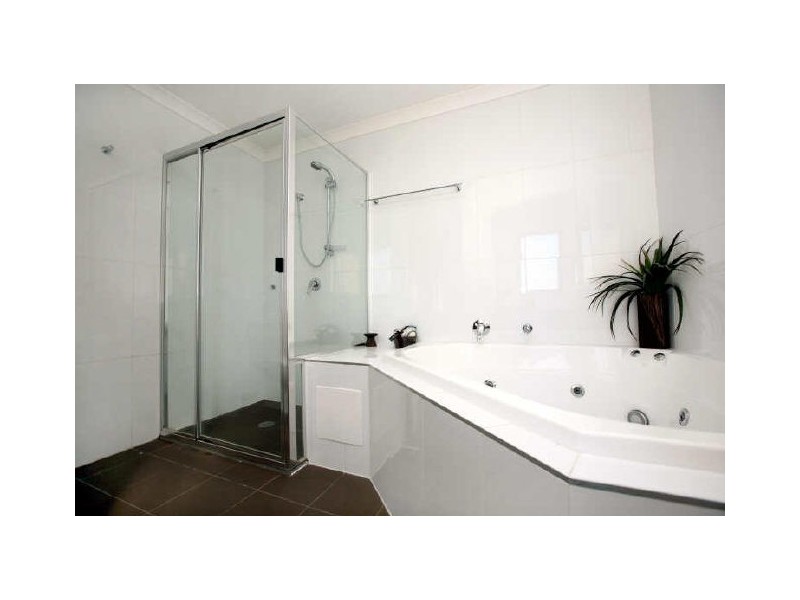 4 Cookson Place, Banks ACT 2906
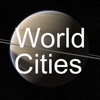 WorldCities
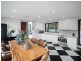 43 Old Ferry Road, Illawong NSW 2234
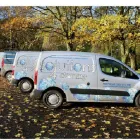 Business 1 image FAR EAST KITCHEN Takeaway Food in Plymouth De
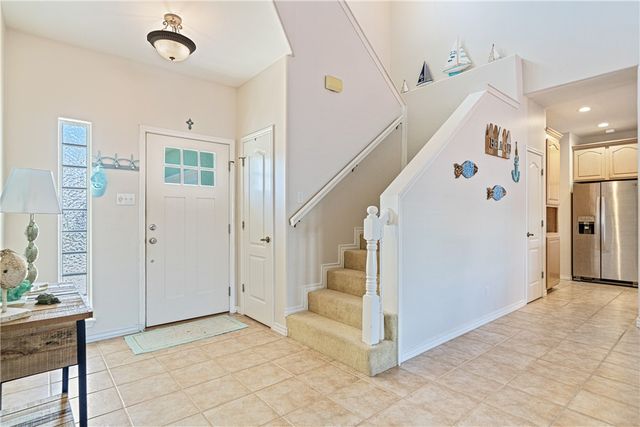 13538 Bullion Ct, Corpus Christi, TX 78418
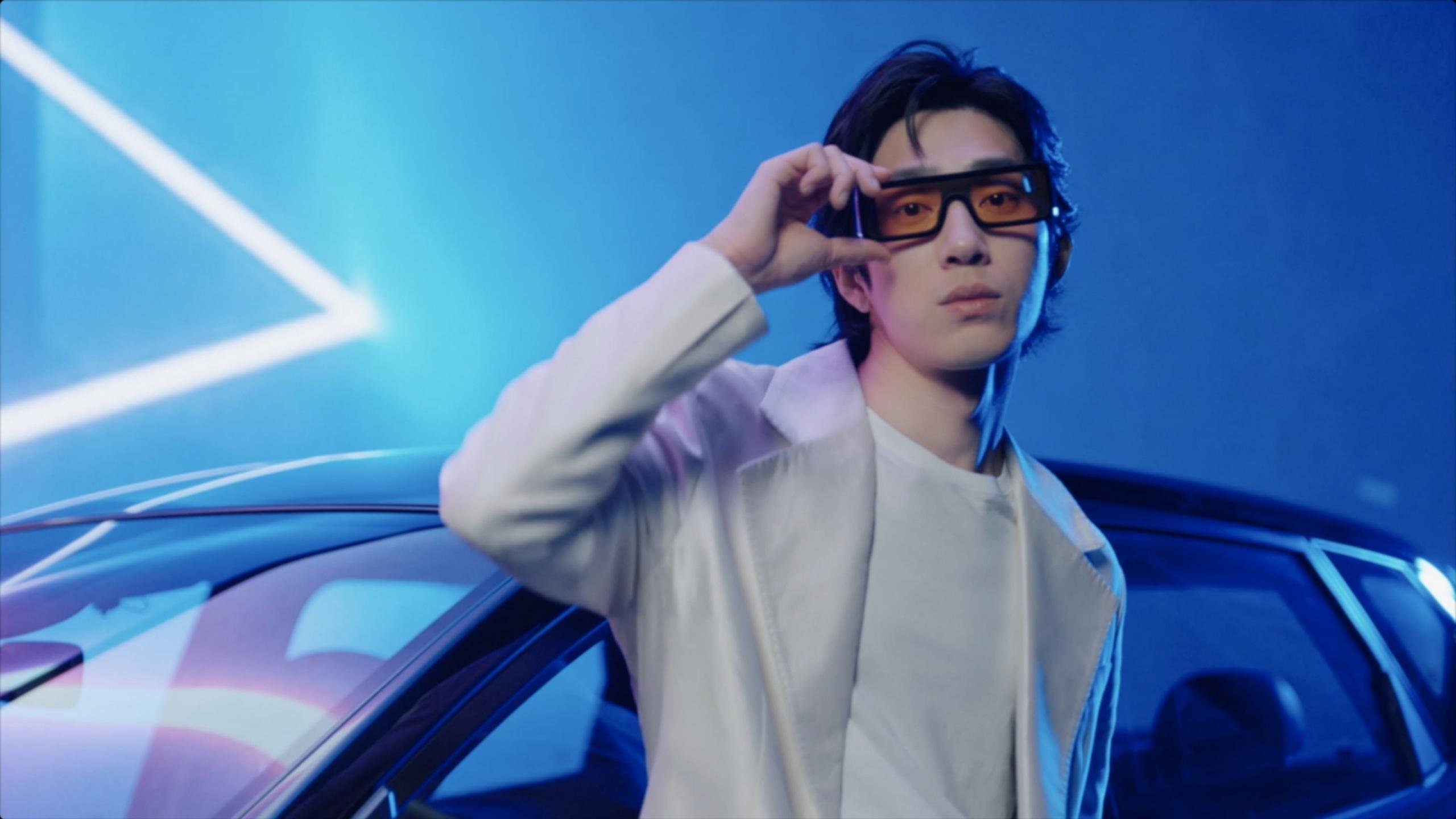 校园足球教案融合本地文化特色,校园足球教案融合本地文化特色怎么写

■ WHAT YOU ARE ASKED TO DO ■
Output the full material exactly as given, without its pictures.

■ OUTPUT BELOW ■
 4 Cookson Place, Banks ACT 2906
 WorldCities
 43 Old Ferry Road, Illawong NSW 2234
 Business 1 image FAR EAST KITCHEN Takeaway Food in Plymouth De
 13538 Bullion Ct, Corpus Christi, TX 78418
 校园足球教案融合本地文化特色,校园足球教案融合本地文化特色怎么写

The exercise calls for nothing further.